Ama artık vaz mı geçse Tayfun Erdoğan?
Artık 32 yaşında ve acı da olsa bir “baba”sı olmadığını kabullenip yoluna bakması gerekiyor.
Günahı boynuna, Emrah’tan hayır yok ona.
Yoksa asla çıkamayacak bu “baba” sarmalının içinden.
Dilan Polat’tan öğrendiğim iki şey
∆ Şaka da olsa tavsiye vermeyeceksin:
Dilan Polat’ı bilirsiniz... Hani eşiyle birlikte türlü görgüsüzlükler yapıp, bunları paylaşan fenomen. Daha önce dozerle baştan ayağa gül dökme, eve dolar buketi gönderme gibi tuhaf eylemleri vardı. En son tabaktan kaşık kaşık pırlanta yedi.
Bu hareket üzerine de Demet Akalın (zannediyorum) sahte hesap yerine yanlışlıkla kızı Hira’nın hesabından “Enerciii bu kızdan nefretcii” paylaşımı yapmıştı da birbirlerine girmiştiler.
Dilan Polat hakkında ben de birkaç kez yazdım. Çünkü bütün bu abukluklara kayıtsız kalamıyorsunuz.
Son seferinde şöyle demiştim:
“Şimdi durduk yere fikir vermiş olmak istemem ama havuzu gül yaprağı doldurup içine atlarlar mı karı-koca?” Vermez olaydım fikri, onu da yapıp paylaştılar.
∆ Times Meydanı’na çıkmanın bir önemi kalmamıştır:
Kapıyı ilk Aleyna Tilki açtı, New York Times Meydanı’ndaki ünlü reklam panosuna posteri yansıtıldı. Bir Türk sanatçının dünyanın en ünlü meydanında boy göstermesi haliyle büyük sükse olmuş, medyada geniş yer almıştı. Aleyna’yı, sonra Gülşen ve Melek Mosso gibi isimler takip etmişti.
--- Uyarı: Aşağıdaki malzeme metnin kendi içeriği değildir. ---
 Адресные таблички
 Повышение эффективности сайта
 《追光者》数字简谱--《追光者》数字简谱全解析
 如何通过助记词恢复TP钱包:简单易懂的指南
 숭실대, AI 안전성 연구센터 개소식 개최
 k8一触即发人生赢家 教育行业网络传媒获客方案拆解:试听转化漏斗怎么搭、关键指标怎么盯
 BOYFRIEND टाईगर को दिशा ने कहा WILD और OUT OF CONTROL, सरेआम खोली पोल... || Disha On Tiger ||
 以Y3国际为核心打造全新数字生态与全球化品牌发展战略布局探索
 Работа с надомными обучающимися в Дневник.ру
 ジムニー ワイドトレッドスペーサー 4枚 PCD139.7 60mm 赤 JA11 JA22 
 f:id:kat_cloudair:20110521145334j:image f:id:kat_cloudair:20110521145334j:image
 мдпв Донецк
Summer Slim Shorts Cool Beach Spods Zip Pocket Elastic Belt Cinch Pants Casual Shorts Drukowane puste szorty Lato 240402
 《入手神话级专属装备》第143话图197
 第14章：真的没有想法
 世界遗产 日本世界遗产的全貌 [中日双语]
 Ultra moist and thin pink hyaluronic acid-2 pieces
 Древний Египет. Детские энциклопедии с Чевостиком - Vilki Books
En son Dilan Polat ve eşi Engin Polat’ın afişlerini gördük aynı reklam panosunda. Engin Bey parayı bastırmış, eşinin doğum günü için çekilmiş bir fotoğraflarını yansıttı panoya. “I Love You” yazısı eşliğinde. Bundan sonra Times Meydanı’na çıkmak eski cazibesini, haber değerini yitirmiştir. Nokta.